The Doctor, Steven and Vicki, exploring the latest destination to which the TARDIS has brought them, encounter a primitive robot which Vicki nicknames a Chumblie. While it seems harmless enough, it soon indicates that it wishes the time travelers to follow it – and makes its wishes even more clear by demonstrating its ability to vaporize a nearby bush. Two statuesque, armed women ambush the Chumblie, and then take the Doctor and his friends prisoner for themselves. The TARDIS travelers are brought before Maaga, the self-proclaimed leader of the Drahvins. Maaga tells the Doctor that the Chumblies are the robotic servants of the vicious Rills, another alien expedition visiting this planet. Ever since the Rills revealed that the planet is just fourteen dawns away from destroying itself, the Rills and the Drahvins have been at war. The Rills’ ship is the only vehicle capable of leaving the planet in time, and the Drahvins intend to take it for themselves – with the Doctor’s help, which they secure by holding Vicki hostage. When the Doctor visits the TARDIS to see how much time this planet has left, however, he discovers that the Rills and Drahvins have less time than they thought to settle their differences.

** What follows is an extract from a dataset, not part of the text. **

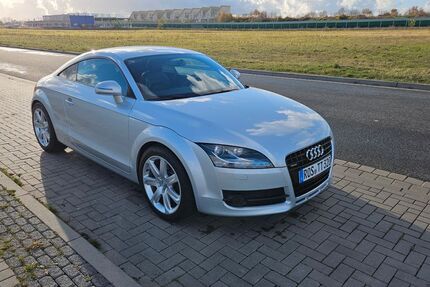 Audi TT 91.000 km 17.999 &euro; Dummerstorf 18196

Season 3 Regular Cast: William Hartnell (The Doctor), Maureen O’Brien (Vicki), Peter Purves (Steven), Jackie Lane (Dodo Chaplet)
Cast: William Hartnell (The Doctor), Maureen O’Brien (Vicki), Peter Purves (Steven), Stephanie Bidmead (Maaga), Marina Martin, Susanna Carroll, Lyn Ashley (Drahvins), Jimmy Kaye, Angelo Muscat, William Shearer, Pepi Poupee, Tommy Reynolds (Chumblies), Robert Cartland, Anthony Paul (Rill voices), Barry Jackson (Garvey)

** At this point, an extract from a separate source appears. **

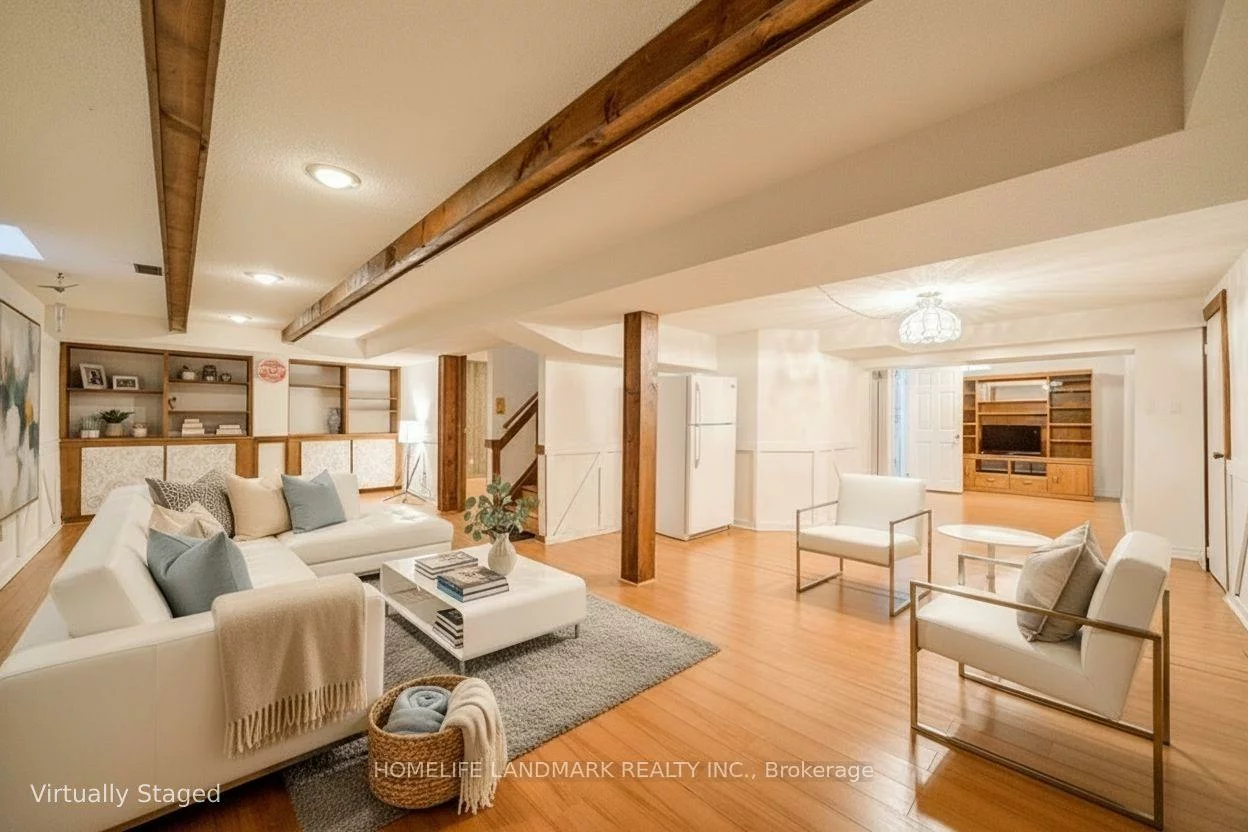 129, Fincham, Markham Village, Markham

Notes: The master tapes of this episode were destroyed by the BBC in the early 1970’s, and no video copies exist.
Broadcast from September 11 through October 2, 1965
LogBook entry & review by Earl Green
Review: One of the better specimens of real SF in the first Doctor’s era, Galaxy Four is sadly missing from the archive of Doctor Who episodes that still exist on video. Hence, this story has been reviewed by listening to the commercially available soundtrack recording and examining the scant remaining video and still material. But in a way, that’s not a bad trade-off – the story itself is imaginative enough that it deserves the kind of special effects that exist in the mind’s eye. Galaxy Four truly stands alongside some of the sophisticated conceptual SF that most people only associate with Doctor Who’s later years.
While the style of some of the performances clearly dates Galaxy Four to the ’60s, the dialogue is mostly believeable – but there are occasional moments of clumsy dialogue and even a few hints of what would be viewed today, some four decades later, as outrageous sexism. (But no better and no worse than what one might find in the average Austin Powers movie, to be truthful.) There’s something interesting hinted at with Maaga, the Drahvins’ leader – she appears to be superior to them, and is withholding something from them, but aside from hints to that effect, we learn nothing more. (Perhaps William Emms thought there might be room for a rematch of some sort if he dropped a few vague hints like that.) But overall, the “don’t judge a book by its cover” motif at work in Galaxy Four is not only commendable, it’s carried off with a surprising degree of sophistication for this point in Doctor Who’s history. It’s nearly tragic that we can no longer see this story. Very highly recommended.